Fifty Shades Dumber is more like it. In our shockingly generous one-star review of Fifty Shades of Grey in 2015, we dismissed the film version of E.L. James' bestseller as Cinderella porn – an S&M fantasy so sanitized it couldn't shock Aunt Tillie. Now here's the followup, again with Dakota Johnson, again vainly trying to have fun as Anastasia Steele. She's is no longer a virginal English major, but a magazine intern with a head for literature and a bod for sin. As you remember, Ana has parted ways with billionaire hottie Christian Grey (Jamie Dornan), because genital clamps and caresses from a cat o' nine tails aren't her thing. And Christian, poor baby, can't get off without them. Her focus now is upping the profits of the publishing house she's working for by adding young authors who worship the demigods of digital. What a concept!

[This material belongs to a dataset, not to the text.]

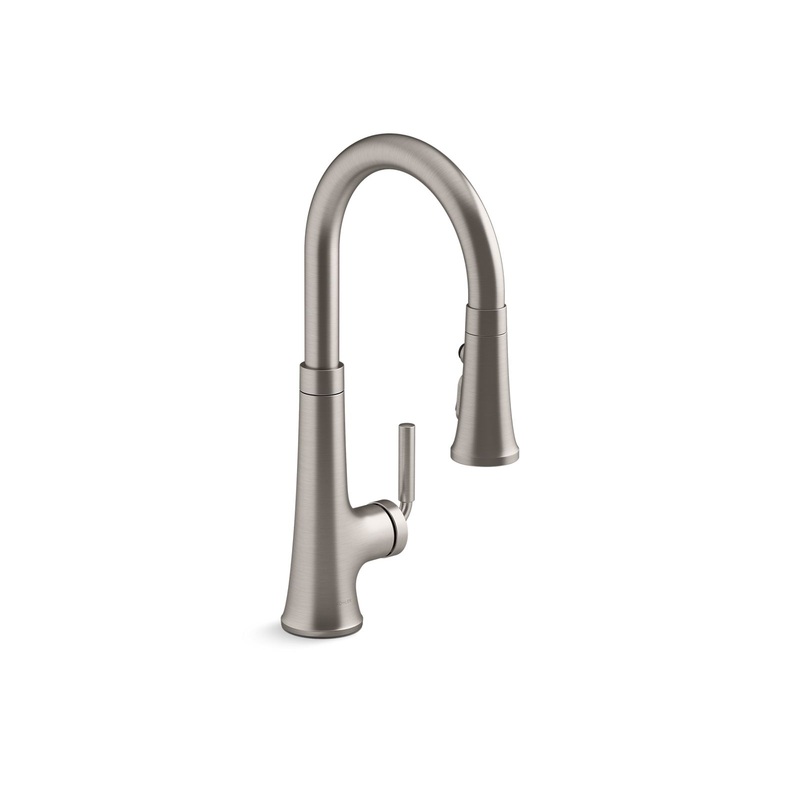 KOHLER K-23764-VS Tone Pull-Down Kitchen Sink Faucet With Three-Function Sprayhead In Vibrant Stainless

And what an incredibly, indelibly idiotic movie. James, the British author responsible for this I-like-it-rough book club favorite, showed the perks that come with bestsellerdom: Out went Kelly Marcel, who wrote the first film; in comes Niall Leonard, a.k.a. James' husband, to maybe shed a little light on all this dominant-submissive stuff. Sam Taylor-Johnson, who directed the original movie, also fought with James; she's now been replaced by James Foley, who made At Close Range (1986) and the adaptation of Glengarry Glen Ross (1992). This, however, is not Mamet – it's a beast of roaring stupidity that devours everything in its path, including the veteran filmmaker. Hallmark should buy the rights to Christian's line to Elena (Kim Basinger), the older woman who seduced him as a boy. "You taught me how to fuck," he tells her, "but Ana taught me how to love." If you've read about the derisive laughter that greeted this cinematic disaster at its first New York screening, here's one reason why.

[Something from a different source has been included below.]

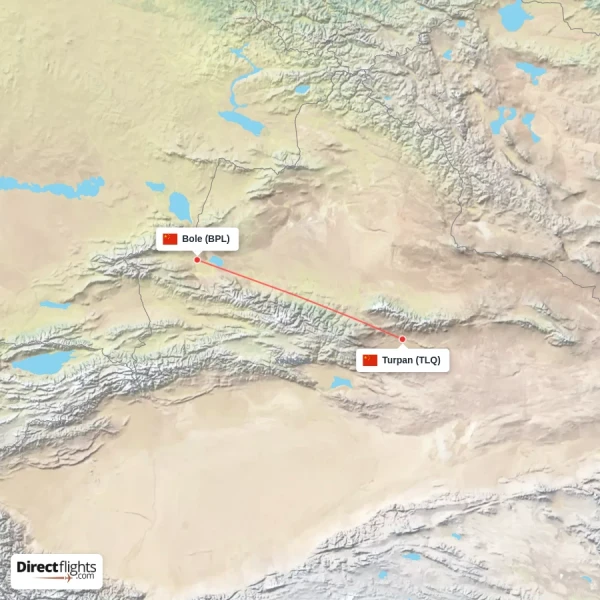 Turpan - Bole direct flight map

The plot? It's basically the same as the first time: Ana goes back to Christian after he rescues her from her sexual predator of a boss (Eric Johnson). Christian lets Ana touch him now (hint: he'd been sexually abused as a child), but only in designated areas that he marks on his body with lip gloss. Such gallantry! And for guys looking for Valentine's Day ideas, our heroine seems to adore her present of vaginal beads – the gift that keeps on giving! – and having her butt spanked a rosy pink. No ugly, red bruises here, except to logic and sanity. And what to make of Ana's suddenly stunted vocabulary. Seeing Christian's boat, she sighs "beautiful." The sight of his mansion evokes another "beautiful." And eying the gown Christian's mom (a criminally wasted Marcia Gay Harden) wears to a costume ball, Ana can only say ... "beautiful." Were there only a limited number of words allowed in the script?
As for the sex, it's utterly joyless. Yes, the bodies of Johnson and Dornan are – wait for it – beautiful. But the only conviction the two stars bring to their roles comes in their mutual awkwardness and eye-rolls that suggest going down on each other is an endurance test they can't wait to be over. (Will Arnett and Rosario Dawson generate more erotic heat in The Lego Batman Movie. And they're made of plastic.) Ana calls Christian's desires "kinky fuckery," but where the hell is it? Confronted with Christian's Red Room of Pain, Ana can only gaze at the array of whips and chains and wonder, "Does the maid dust in here?" This softcore swill is hardcore awful. Note to masochists: This team with return to film James' third book, 50 Shades Freed. You have your work cut out for you.